::: Data segment :::
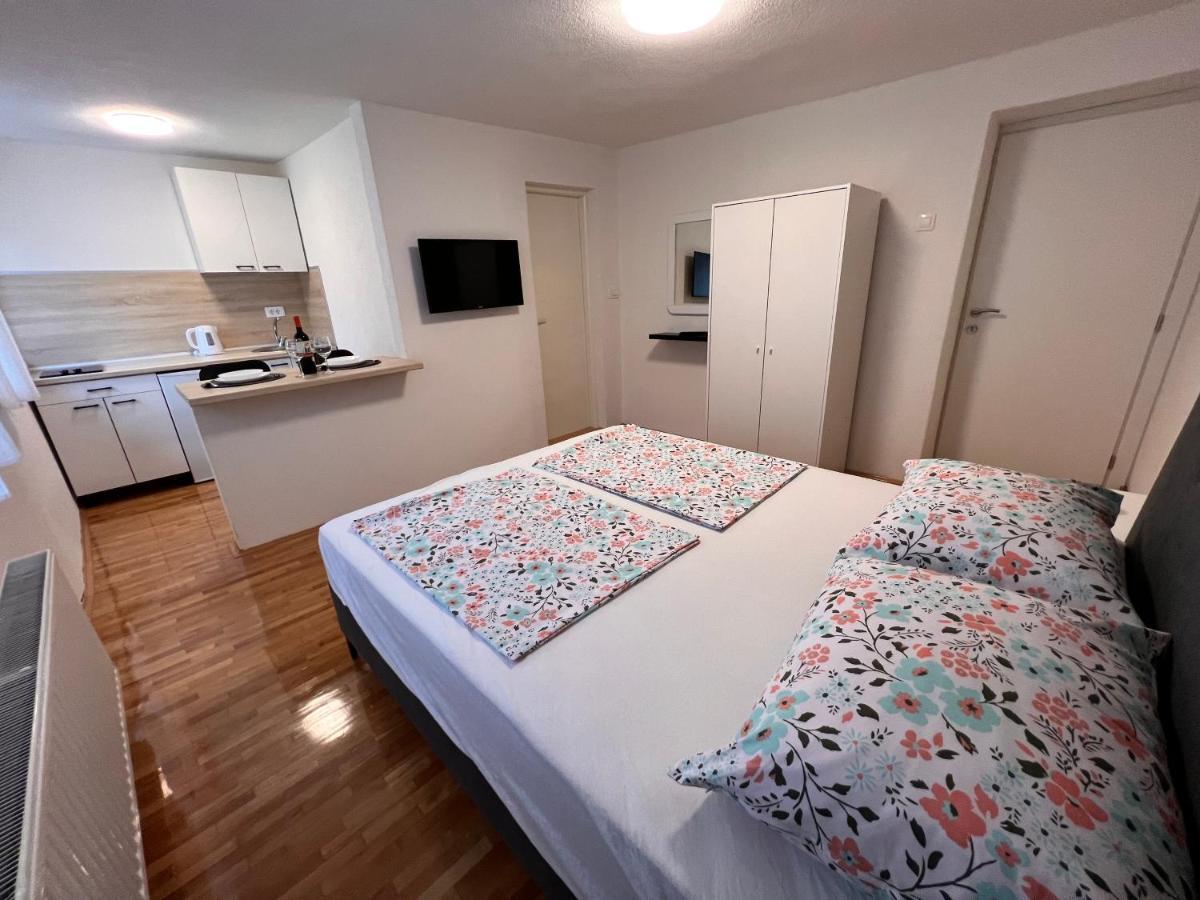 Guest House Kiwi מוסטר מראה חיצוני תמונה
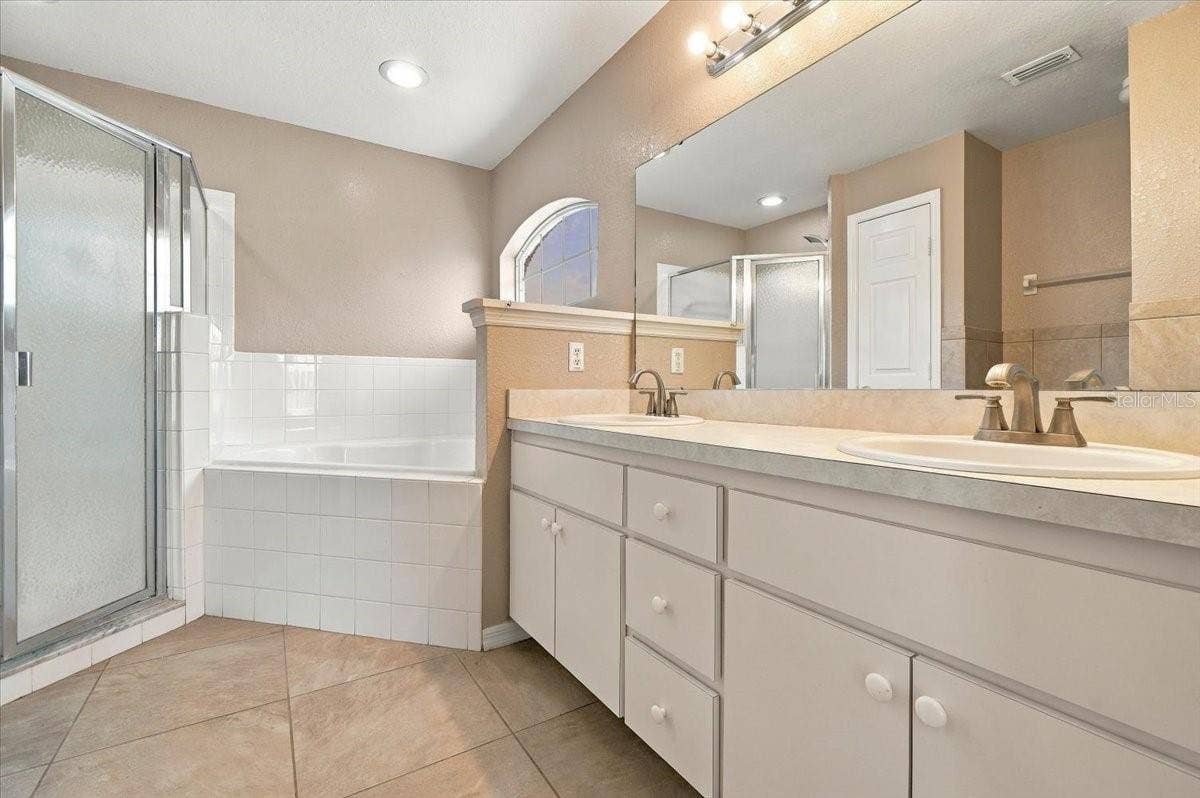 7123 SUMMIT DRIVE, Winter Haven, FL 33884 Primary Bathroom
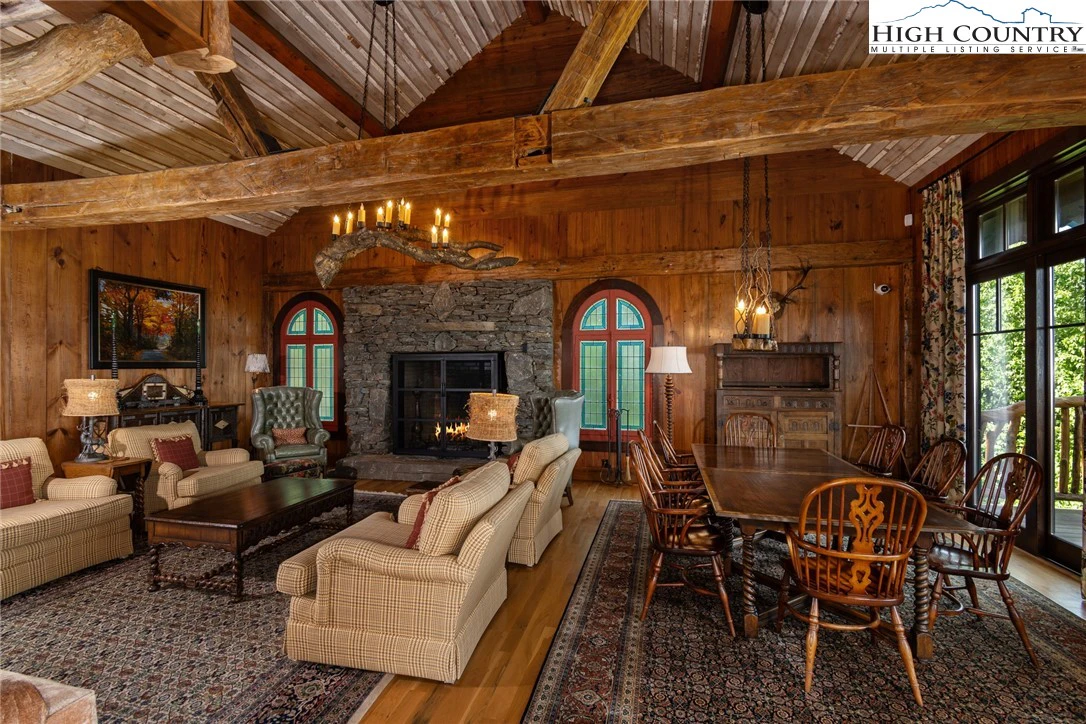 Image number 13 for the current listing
:::
→ **Task brief**:
Reproduce the whole listing verbatim. Pictures stay out of the copy.

→ **Task solution**:
 Guest House Kiwi מוסטר מראה חיצוני תמונה
 7123 SUMMIT DRIVE, Winter Haven, FL 33884 Primary Bathroom
 Image number 13 for the current listing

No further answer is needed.